_Try it_
Repeat exactly what runs from the line containing "L9106 C1 (+) - 0" through the last line of the material below. Do not copy the pictures.

##### Records #####

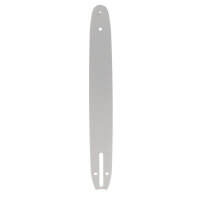 Schwert Trilink M1501452 40cm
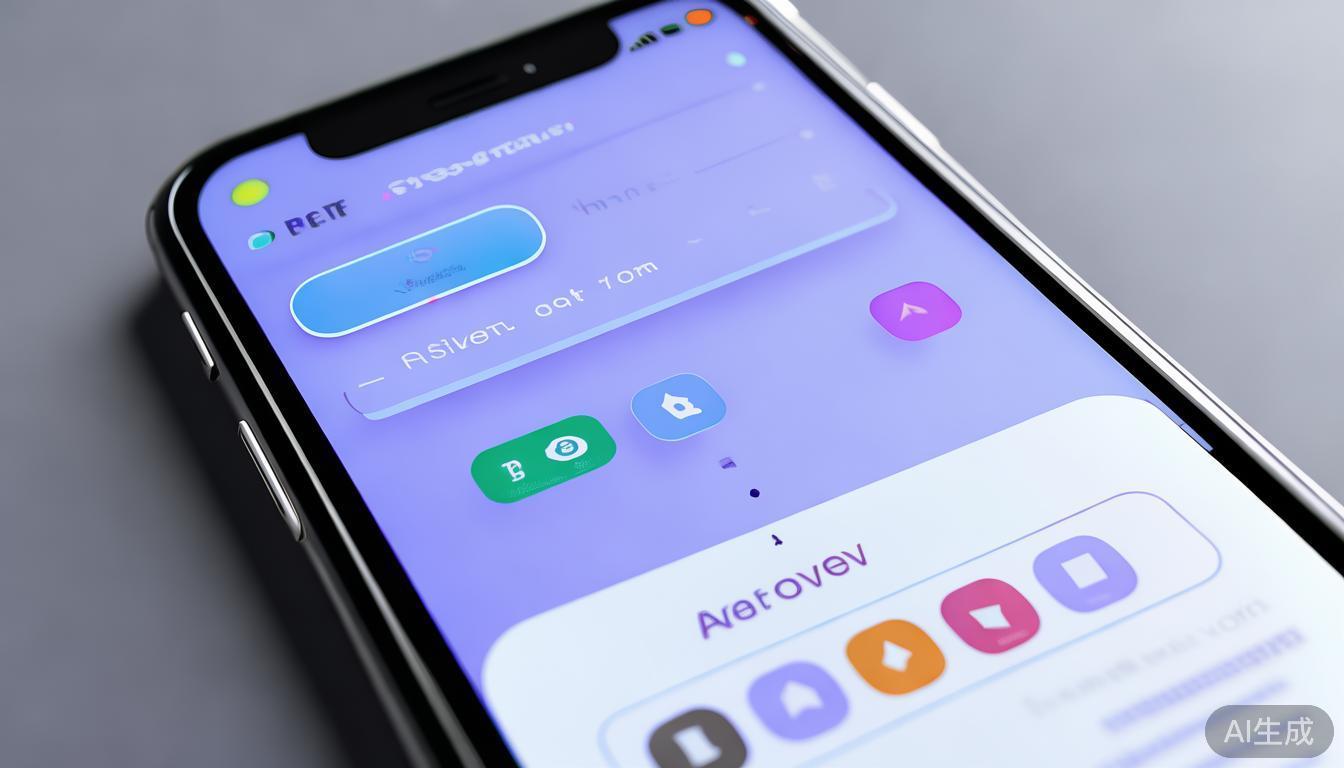加密货币投资如何规避风险？BitPie钱包助力资产多样化配置  第1张
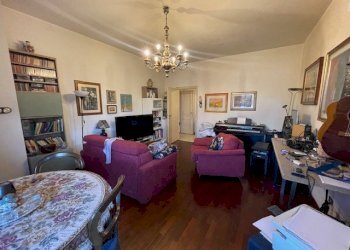 Apartment Modena - photo 3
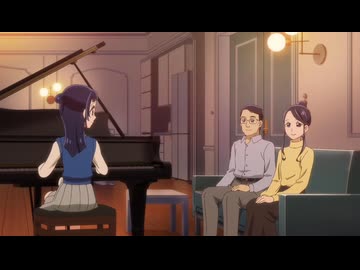 既にプロだったななちゃん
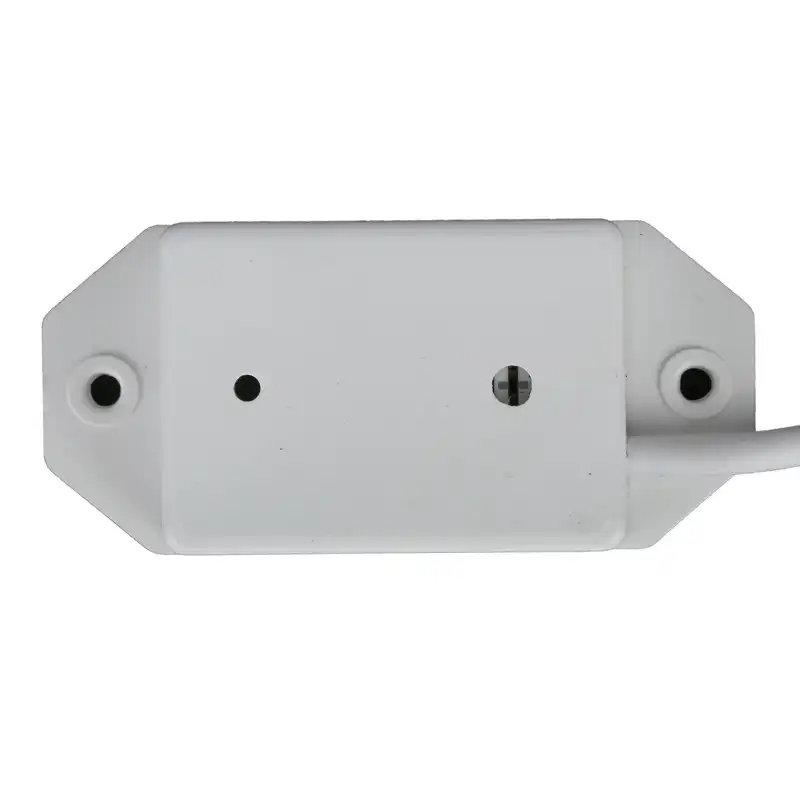 میکروفن روبیکس مدل AM-602 مناسب برای دوربین مداربسته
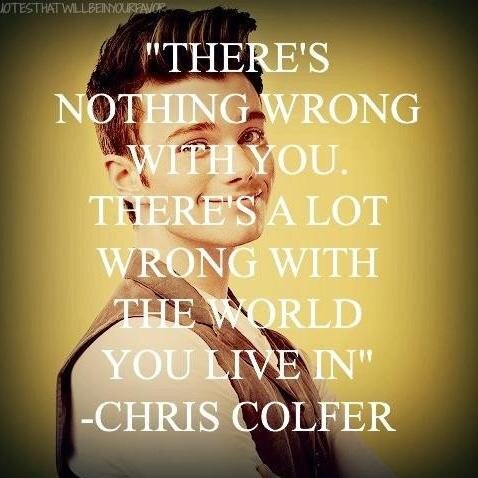 WeHeartOurStars's profile picture. 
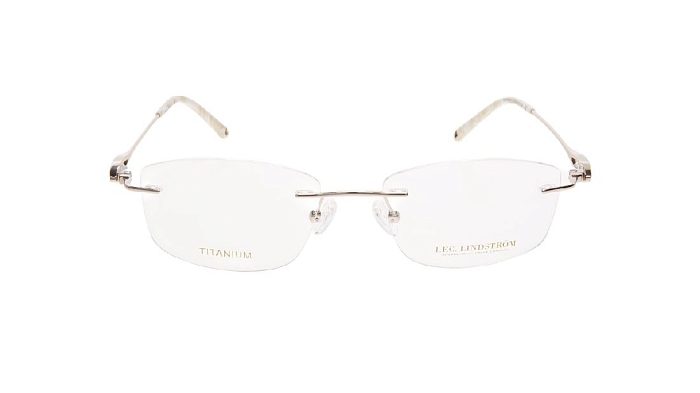 Оправы -  Lindstrom L9106 C1 (+) - 0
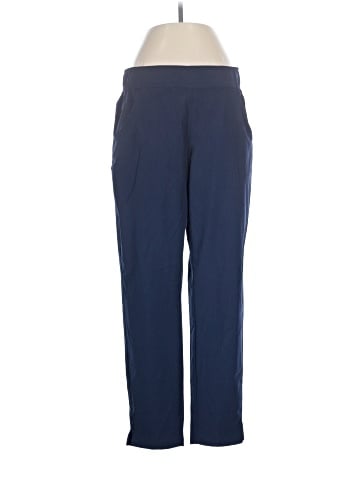 Eddie Bauer Active Pants (view 1)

#####

_Answer section_
 Оправы -  Lindstrom L9106 C1 (+) - 0
 Eddie Bauer Active Pants (view 1)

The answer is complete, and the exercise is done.